This is an implementation of the power calculation method described in Section 14.12 (page 807) of Rosner (2006). The method was proposed by Freedman (1982).

Suppose we want to compare the survival curves between an experimental group (E) and a control group (C) in a clinical trial with a maximum follow-up of t years. The Cox proportional hazards regression model is assumed to have the form:

h(t|X_1)=h_0(t)\exp(β_1 X_1).

Let n_E be the number of participants in the E group and n_C be the number of participants in the C group. We wish to test the hypothesis H0: RR=1 versus H1: RR not equal to 1, where RR=\exp(β_1)=underlying hazard ratio for the E group versus the C group. Let RR be the postulated hazard ratio, α be the significance level. Assume that the test is a two-sided test.
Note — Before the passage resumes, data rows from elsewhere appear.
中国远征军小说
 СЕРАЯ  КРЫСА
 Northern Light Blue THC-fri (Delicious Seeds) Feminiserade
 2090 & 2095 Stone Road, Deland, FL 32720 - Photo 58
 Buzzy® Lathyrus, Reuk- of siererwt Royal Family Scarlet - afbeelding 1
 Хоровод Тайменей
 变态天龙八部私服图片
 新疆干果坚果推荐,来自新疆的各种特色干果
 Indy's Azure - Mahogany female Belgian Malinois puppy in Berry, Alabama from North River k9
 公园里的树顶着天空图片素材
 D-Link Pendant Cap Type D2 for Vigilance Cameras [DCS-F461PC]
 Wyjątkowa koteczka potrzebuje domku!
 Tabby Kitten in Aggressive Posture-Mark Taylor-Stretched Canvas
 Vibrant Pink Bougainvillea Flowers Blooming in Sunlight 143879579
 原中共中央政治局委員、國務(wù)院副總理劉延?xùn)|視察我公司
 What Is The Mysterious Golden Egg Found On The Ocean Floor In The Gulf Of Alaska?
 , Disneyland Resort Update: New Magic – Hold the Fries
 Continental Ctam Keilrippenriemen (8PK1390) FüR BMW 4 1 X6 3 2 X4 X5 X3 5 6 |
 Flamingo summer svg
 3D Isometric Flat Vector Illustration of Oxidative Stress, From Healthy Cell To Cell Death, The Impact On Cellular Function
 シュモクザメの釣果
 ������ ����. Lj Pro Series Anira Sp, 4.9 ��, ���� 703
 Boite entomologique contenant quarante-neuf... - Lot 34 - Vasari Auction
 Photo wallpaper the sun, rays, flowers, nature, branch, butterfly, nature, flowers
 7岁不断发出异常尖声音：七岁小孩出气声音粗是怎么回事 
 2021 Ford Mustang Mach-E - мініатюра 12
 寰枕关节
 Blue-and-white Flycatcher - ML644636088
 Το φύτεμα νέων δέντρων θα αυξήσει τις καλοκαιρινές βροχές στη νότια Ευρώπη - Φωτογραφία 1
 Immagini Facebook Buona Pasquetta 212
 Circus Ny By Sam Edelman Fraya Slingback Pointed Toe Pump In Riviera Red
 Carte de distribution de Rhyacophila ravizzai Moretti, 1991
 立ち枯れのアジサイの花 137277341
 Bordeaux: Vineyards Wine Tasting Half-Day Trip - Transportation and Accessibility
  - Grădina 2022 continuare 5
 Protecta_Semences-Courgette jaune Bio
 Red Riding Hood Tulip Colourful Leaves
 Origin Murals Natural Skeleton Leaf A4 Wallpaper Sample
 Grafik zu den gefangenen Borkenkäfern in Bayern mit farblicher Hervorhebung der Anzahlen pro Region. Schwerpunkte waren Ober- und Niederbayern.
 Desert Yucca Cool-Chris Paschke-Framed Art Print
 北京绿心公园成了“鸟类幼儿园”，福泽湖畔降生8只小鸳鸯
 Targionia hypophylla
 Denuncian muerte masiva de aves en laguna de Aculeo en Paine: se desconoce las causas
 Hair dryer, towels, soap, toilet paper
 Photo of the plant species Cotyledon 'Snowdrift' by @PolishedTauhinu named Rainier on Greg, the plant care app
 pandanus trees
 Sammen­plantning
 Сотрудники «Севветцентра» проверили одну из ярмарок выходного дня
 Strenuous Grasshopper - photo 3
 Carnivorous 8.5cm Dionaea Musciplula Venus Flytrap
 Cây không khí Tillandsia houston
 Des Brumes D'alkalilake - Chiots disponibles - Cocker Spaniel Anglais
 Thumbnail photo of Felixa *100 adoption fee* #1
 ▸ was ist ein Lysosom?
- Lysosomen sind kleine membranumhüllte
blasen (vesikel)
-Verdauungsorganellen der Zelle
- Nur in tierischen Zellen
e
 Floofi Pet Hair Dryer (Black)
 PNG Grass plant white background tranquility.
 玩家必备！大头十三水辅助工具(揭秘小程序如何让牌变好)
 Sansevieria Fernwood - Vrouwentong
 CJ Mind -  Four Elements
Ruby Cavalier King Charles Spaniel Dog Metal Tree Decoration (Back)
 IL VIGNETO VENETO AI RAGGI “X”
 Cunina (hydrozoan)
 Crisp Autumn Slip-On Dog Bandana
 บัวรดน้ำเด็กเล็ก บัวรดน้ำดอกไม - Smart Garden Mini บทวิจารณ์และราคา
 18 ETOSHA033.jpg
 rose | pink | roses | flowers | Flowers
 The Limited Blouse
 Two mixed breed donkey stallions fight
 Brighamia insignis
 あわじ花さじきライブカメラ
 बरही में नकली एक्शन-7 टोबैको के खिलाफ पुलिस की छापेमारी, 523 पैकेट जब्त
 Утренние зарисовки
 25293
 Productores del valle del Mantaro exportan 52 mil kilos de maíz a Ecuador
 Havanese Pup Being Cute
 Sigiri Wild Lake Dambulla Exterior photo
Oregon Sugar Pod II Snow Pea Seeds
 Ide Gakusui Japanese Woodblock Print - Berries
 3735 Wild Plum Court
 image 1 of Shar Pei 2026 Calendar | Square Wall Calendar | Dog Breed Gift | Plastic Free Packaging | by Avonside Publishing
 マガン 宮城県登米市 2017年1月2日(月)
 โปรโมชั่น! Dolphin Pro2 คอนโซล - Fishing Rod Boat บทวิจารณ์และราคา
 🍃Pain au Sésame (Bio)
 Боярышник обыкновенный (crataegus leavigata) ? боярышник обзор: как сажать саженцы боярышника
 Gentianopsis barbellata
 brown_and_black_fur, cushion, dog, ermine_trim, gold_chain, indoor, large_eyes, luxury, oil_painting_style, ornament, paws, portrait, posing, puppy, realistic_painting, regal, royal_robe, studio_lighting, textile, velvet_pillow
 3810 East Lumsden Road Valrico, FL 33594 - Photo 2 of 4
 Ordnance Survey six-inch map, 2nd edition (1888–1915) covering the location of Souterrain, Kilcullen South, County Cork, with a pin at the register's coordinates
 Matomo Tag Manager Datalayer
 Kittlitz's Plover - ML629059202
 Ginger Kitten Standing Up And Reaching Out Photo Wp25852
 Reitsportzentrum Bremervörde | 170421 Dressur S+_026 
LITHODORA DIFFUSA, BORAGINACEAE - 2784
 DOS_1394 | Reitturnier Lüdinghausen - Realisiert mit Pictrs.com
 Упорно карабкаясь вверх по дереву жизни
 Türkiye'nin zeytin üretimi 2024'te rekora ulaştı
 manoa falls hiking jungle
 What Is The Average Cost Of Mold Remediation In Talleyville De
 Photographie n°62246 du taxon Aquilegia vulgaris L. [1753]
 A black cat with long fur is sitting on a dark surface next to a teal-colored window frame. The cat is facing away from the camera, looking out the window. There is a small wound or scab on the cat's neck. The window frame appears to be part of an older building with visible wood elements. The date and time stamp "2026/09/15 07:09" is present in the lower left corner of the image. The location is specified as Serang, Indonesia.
If the ratio of participants in group E compared to group C = n_E/n_C=k, then the power of the test is

power=Φ(√{k*m}*|RR-1|/(k*RR+1)-z_{1-α/2}),

where

m=n_E p_E+n_C p_C,

and z_{1-α/2} is the 100 (1-α/2) percentile of the standard normal distribution N(0, 1), Φ is the cumulative distribution function (CDF) of N(0, 1).

## Value

The power of the test.

## Note

The power formula assumes that the central-limit theorem is valid and hence is appropriate for large samples.

## References

Freedman, L.S. (1982). Tables of the number of patients required in clinical trials using the log-rank test. Statistics in Medicine. 1: 121-129

Rosner B. (2006). Fundamentals of Biostatistics. (6-th edition). Thomson Brooks/Cole.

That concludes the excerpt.